The prosecutor’s office in Saint-Gaudens handed over an investigation into a January 9th protest along the Franco-Spanish border by the activist youth group Generation Identitaire to the Central Office for Combating Crimes Against Humanity, Genocide, and War Crimes (OCLCH).
Local prosecutor Christophe Amunzateguy stated that he had referred the matter to that hate crime division of the OCLCH which would be working alongside local gendarmerie investigators, La Depeche reports.
According to the newspaper, Generation Identitaire members had gone hiking along the border with Spain at Col du Portillon and deployed drones to monitor the crossing for any illegal migrants attempting to cross into French territory, citing terrorism risks as part of their “Defend Europe” mission.
The prosecutor said the activists “can make statements that are not factual; that is freedom of expression. But there is what we can say and what we cannot say — what is freedom of expression, and what is criminal.”
“I’m not saying I’ll necessarily have a prosecution at the end. I’m saying I’m investigating and at the end of this investigation I’ll establish whether or not there was a criminal offence,” Mr Amunzateguy added.
The potential prosecution comes just months after a court of appeal in Grenoble acquitted several members of the activist group after they had been found guilty of offences linked to a similar 2018 protest in the French Alps.
Despite the recent acquittals — along with other failed prosecutions against the group, including an attempt to label the activists part of a mafia organisation in Austria in 2018 — the French government wants to dissolve Generation Identitaire.
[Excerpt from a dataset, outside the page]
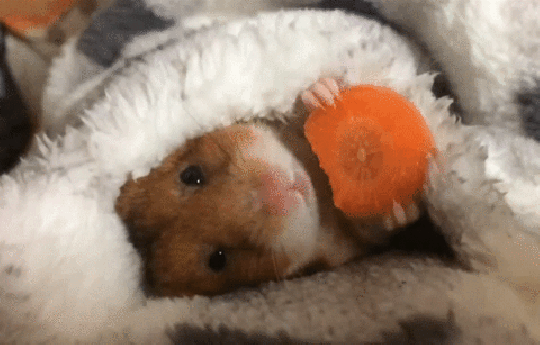 giphy-7.gif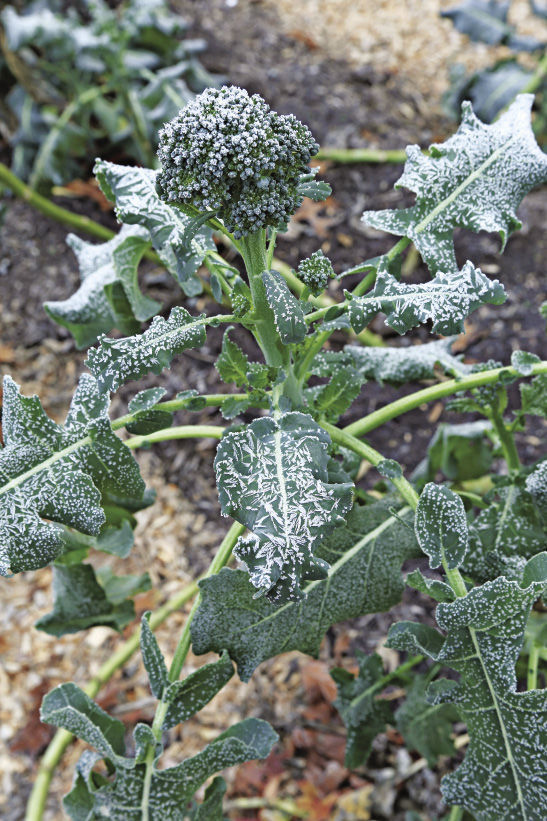 ice frosted broccoli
Interior Minister Gérald Darmamin said on Saturday that he believed the activists could be in violation of the law by “provoking discrimination, hatred, or violence against a person or group of persons on the basis of their origin”.
Marine Le Pen’s National Rally said of the French government’s proposal: “Such a dissolution would also be contrary to the constant jurisprudence of the European Court of Human Rights that ‘freedom of expression is one of the essential foundations of a democratic society and even applies to ideas that offend, shock, or worry’.”